_Problem requirements_
Among the entries below, only the lines from the one with "2017 Nissan Maxima" through the one with "para Galaxy J2" are to be retyped, exactly and without pictures.
Extracted records START
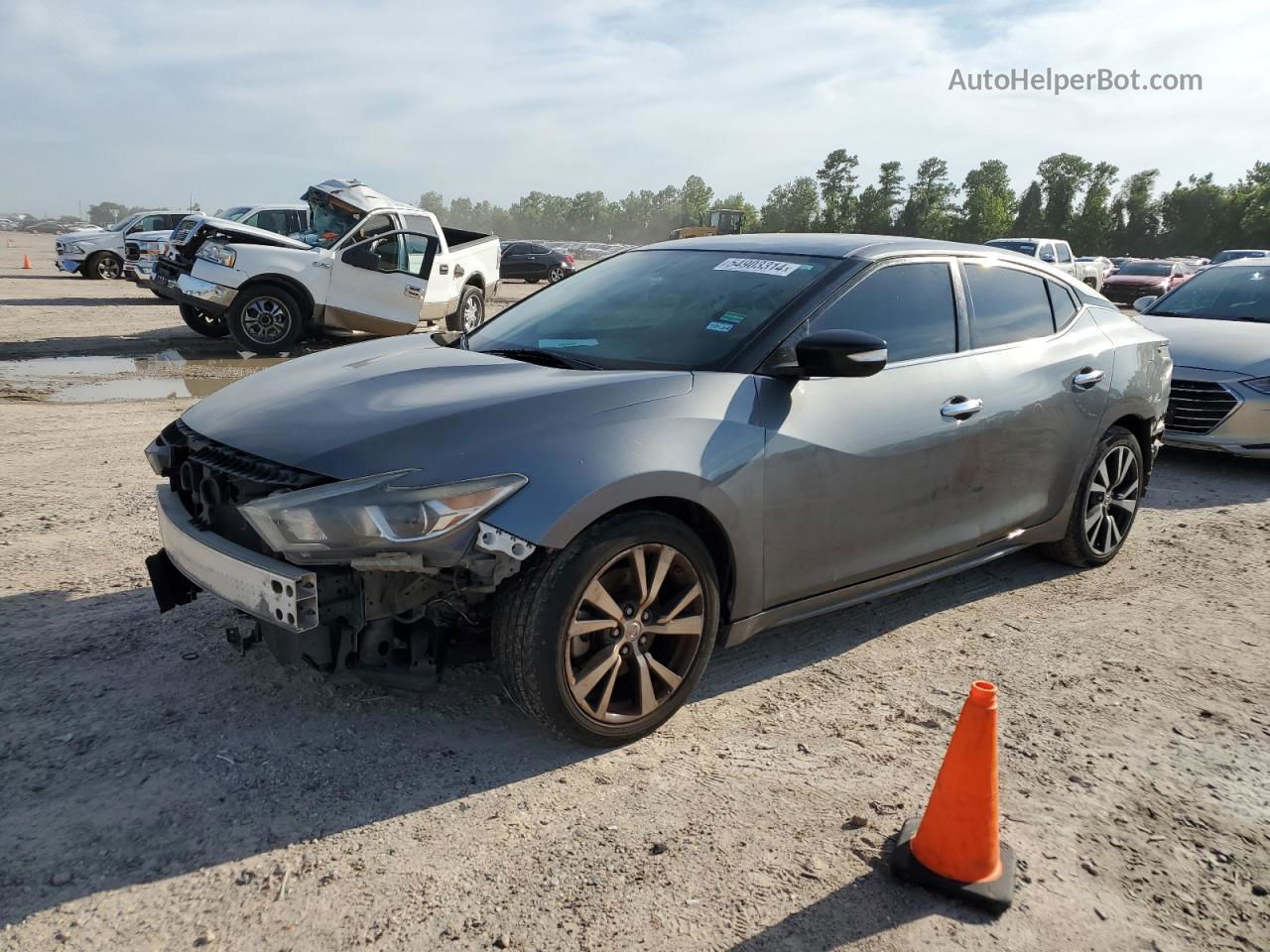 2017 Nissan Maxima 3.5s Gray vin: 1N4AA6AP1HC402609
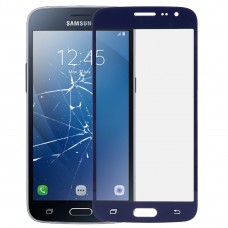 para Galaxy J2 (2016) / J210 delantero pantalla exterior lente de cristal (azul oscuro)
Extracted records END
Extracted records START
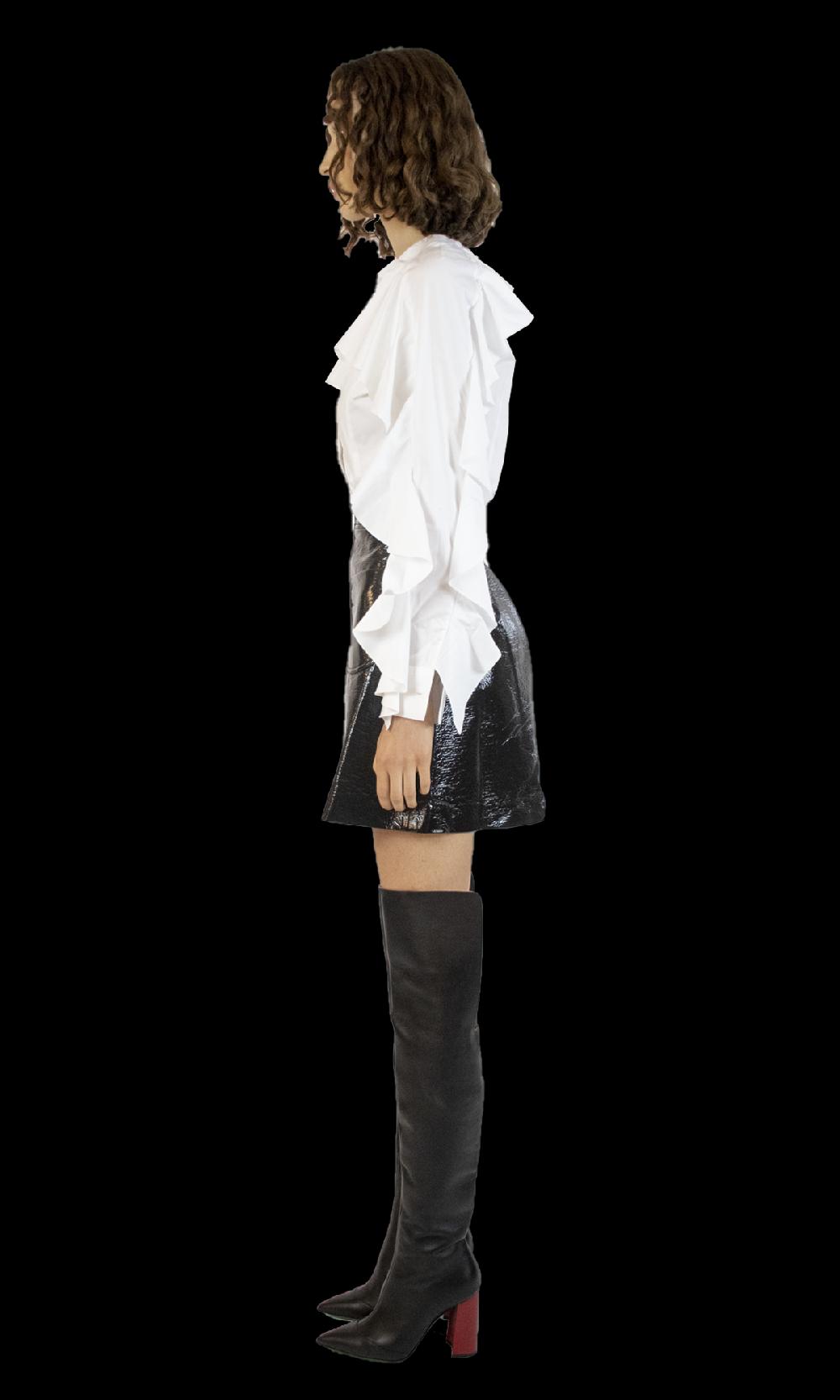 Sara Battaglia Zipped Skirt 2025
Extracted records END
Extracted records START
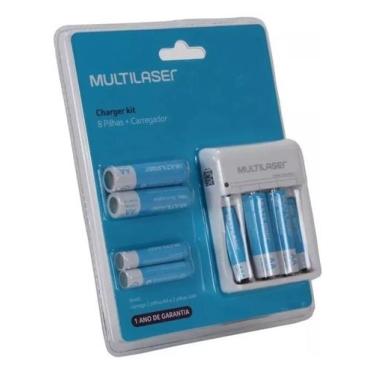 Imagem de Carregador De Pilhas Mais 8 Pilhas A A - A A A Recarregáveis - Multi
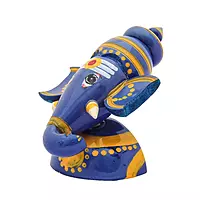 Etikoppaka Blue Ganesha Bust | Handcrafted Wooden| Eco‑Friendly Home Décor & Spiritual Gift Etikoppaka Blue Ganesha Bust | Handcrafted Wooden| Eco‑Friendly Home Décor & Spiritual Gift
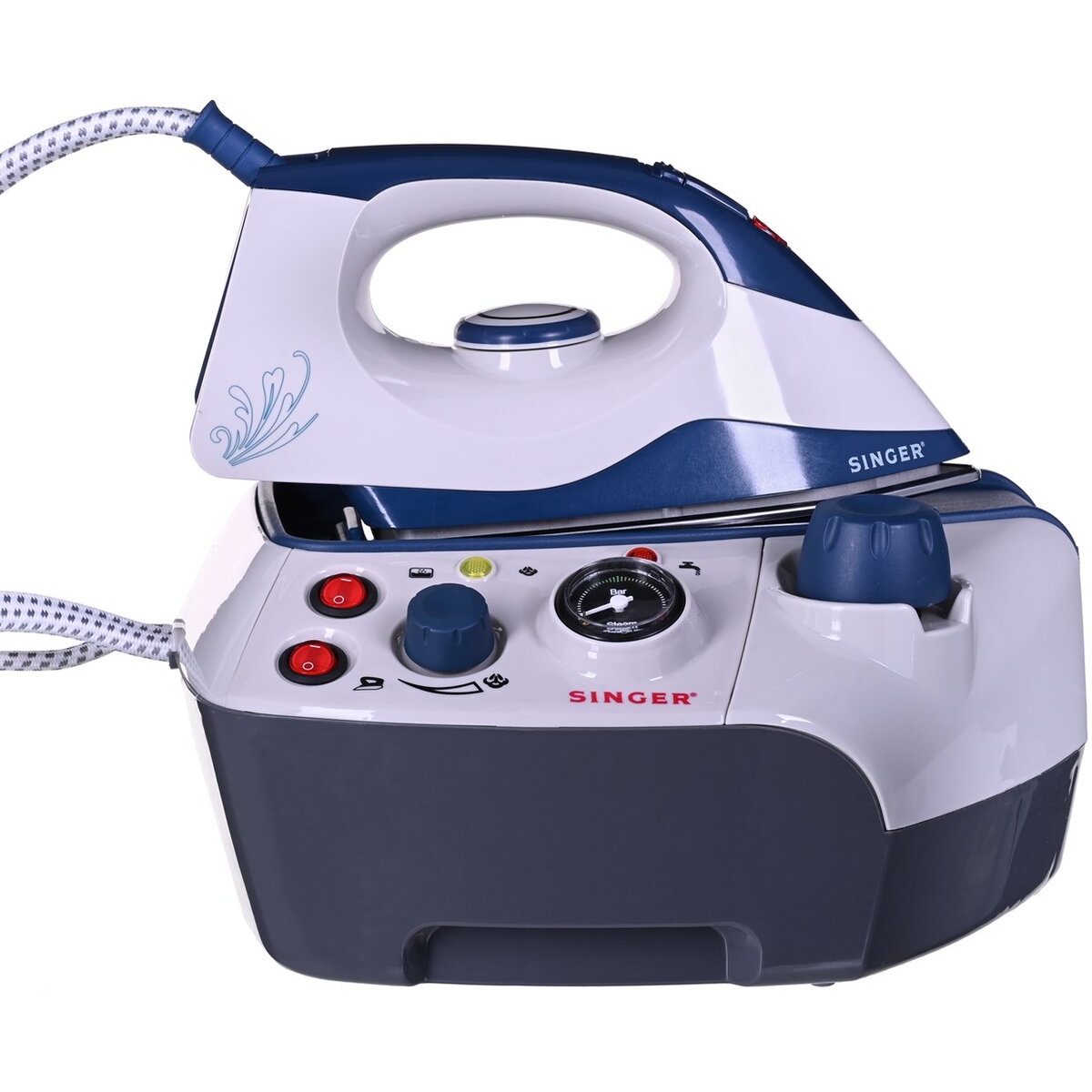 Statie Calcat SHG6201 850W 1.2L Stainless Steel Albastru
Extracted records END
_Task solution_
 2017 Nissan Maxima 3.5s Gray vin: 1N4AA6AP1HC402609
 para Galaxy J2 (2016) / J210 delantero pantalla exterior lente de cristal (azul oscuro)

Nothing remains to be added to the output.